O ex-presidente deste grupo e do Banco Espírito Santo (BES), de 76 anos, responde por três crimes de abuso de confiança, puníveis, cada um deles, com pena de um a oito anos de prisão.
O processo é o primeiro a chegar a julgamento, depois de, há dois meses, o juiz Ivo Rosa, do Tribunal Central de Instrução Criminal, ter mandado julgar separadamente vários arguidos da Operação Marquês, cujo protagonista é o ex-primeiro-ministro José Sócrates.
Mas, ao que o JN apurou, as diligências correm o risco de ser suspensas logo após o seu início, uma vez que a defesa do ex-banqueiro não tinha entregado, até à última sexta-feira, a contestação à acusação, e o prazo para o poder fazer só terminará na próxima quarta-feira.
Contactado pelo JN, o advogado de Salgado, Francisco Proença de Carvalho, não quis comentar o caso.
recurso a offshores
Em causa estão, segundo o Ministério Público (MP), três situações, duas das quais relacionadas entre si. A primeira, datada de 21 outubro de 2011, diz respeito à transferência de quatro milhões de euros de uma conta de uma sociedade do GES na Suíça, a ES Enterprises, para uma conta de uma sociedade no Panamá controlada por Salgado, a Savoices.
De modo a tapar o buraco deixado naquela entidade, Salgado terá pedido a Henrique Granadeiro, à data administrador da Portugal Telecom, que transferisse para outra offshore por si controlada, a Begolino, 3 967 611 euros. Apesar de ter saído de uma conta de Granadeiro, o dinheiro pertenceria, no entanto, ao GES.
Na mesma altura, foram transferidos mais 2 750 000 euros da ES Enterprises para a Savoices, com passagem por uma conta de uma sociedade do empresário luso-angolano Hélder Bataglia.

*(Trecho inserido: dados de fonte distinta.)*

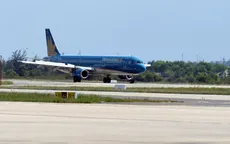 Vietnam Airlines điều chỉnh các chuyến bay đến/đi từ Hải Phòng và Điện Biên do ảnh hưởng của bão Mangkhut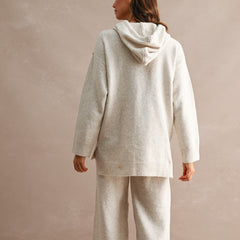 Late Checkout Hooded Sweater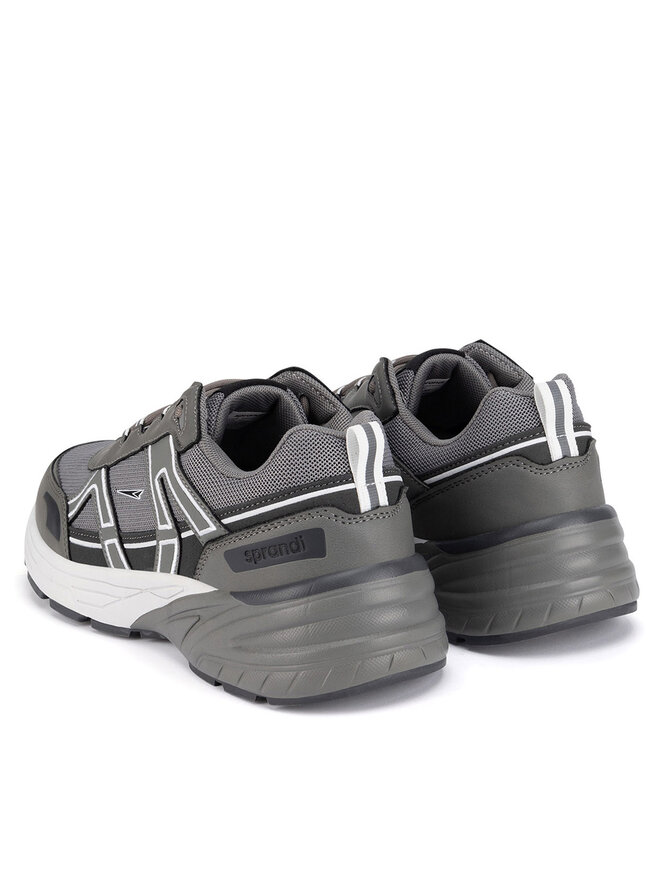 Sprandi Sneakers Sprandi VSKA010 Grau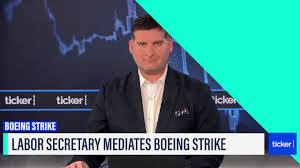 Boeing strike ...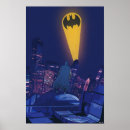 Search for batman comic posters Gotham city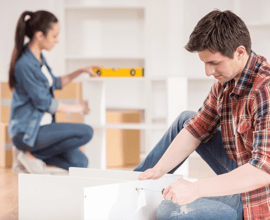 You've Moved Into Your New Home – Now What? Assembling Furniture image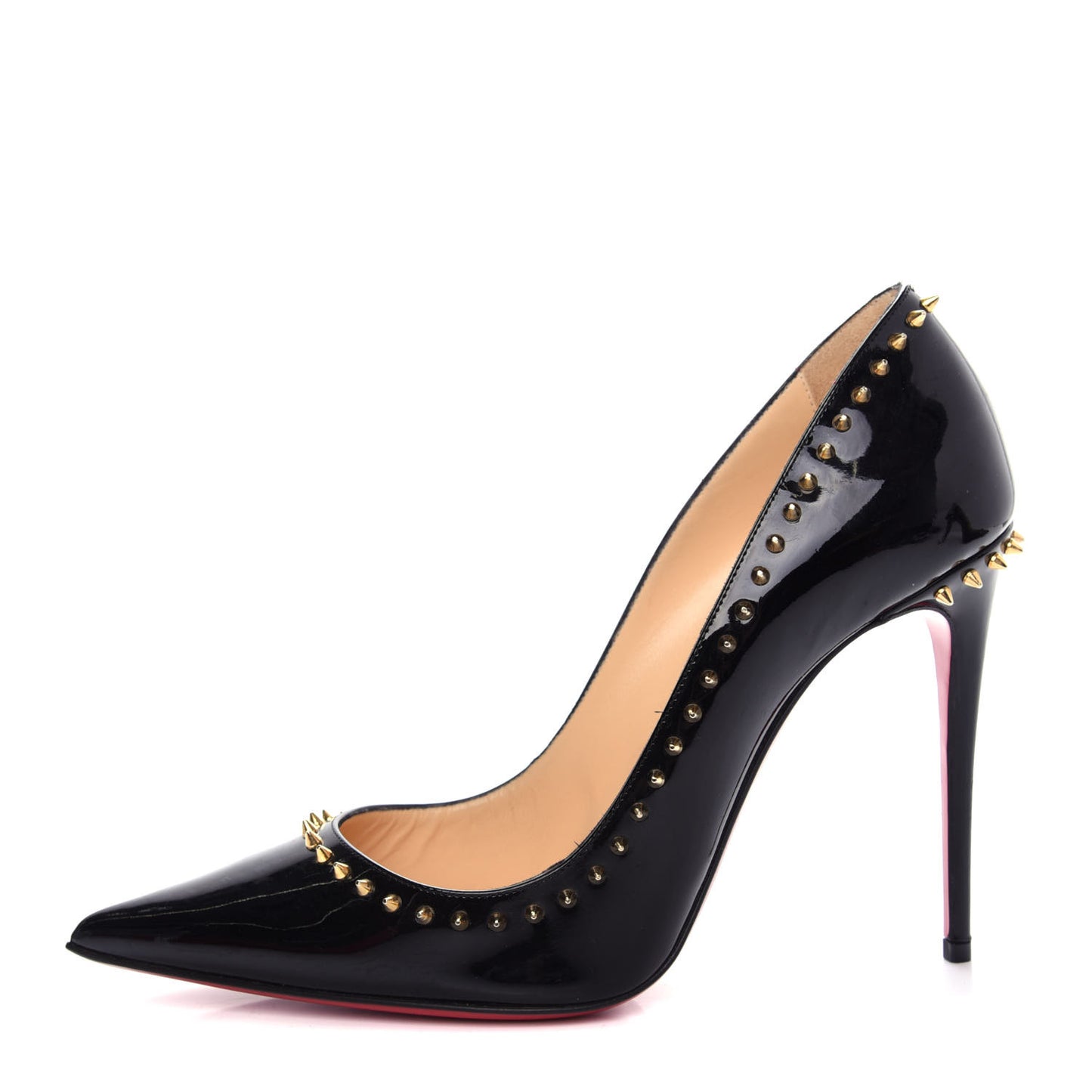 Patent Anjalina 100 Pumps 37.5 Black
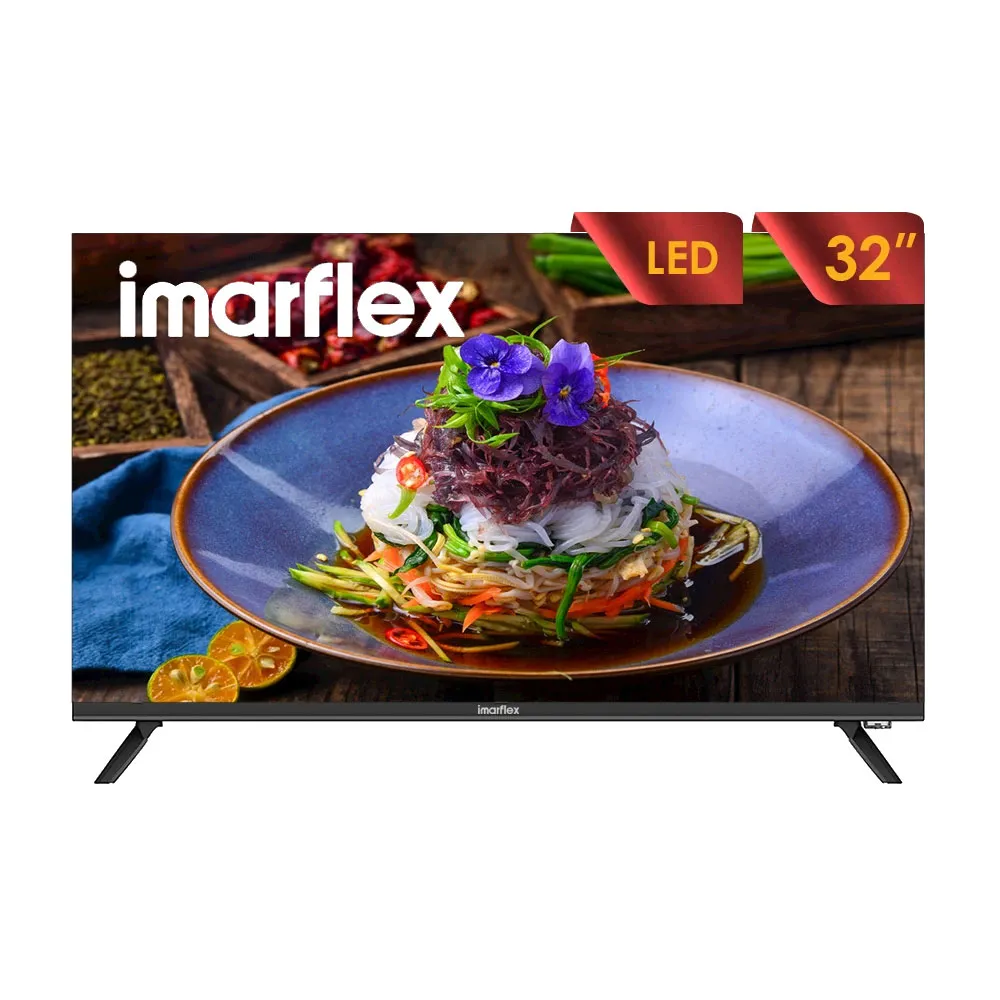 【IMARFLEX 伊瑪】32吋高畫質液晶顯示器(IM-32CMB1)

Com estas operações, o ex-banqueiro terá desviado para a sua esfera pessoal um total de 10 717 611 euros. Segundo a acusação, a fortuna terá, entre outros fins, servido para comprar ações da EDP. A conta da Begolino terá ainda sido usada, em 2012, para, nomeadamente, adquirir diamantes e repatriar ativos, beneficiando de amnistias fiscais.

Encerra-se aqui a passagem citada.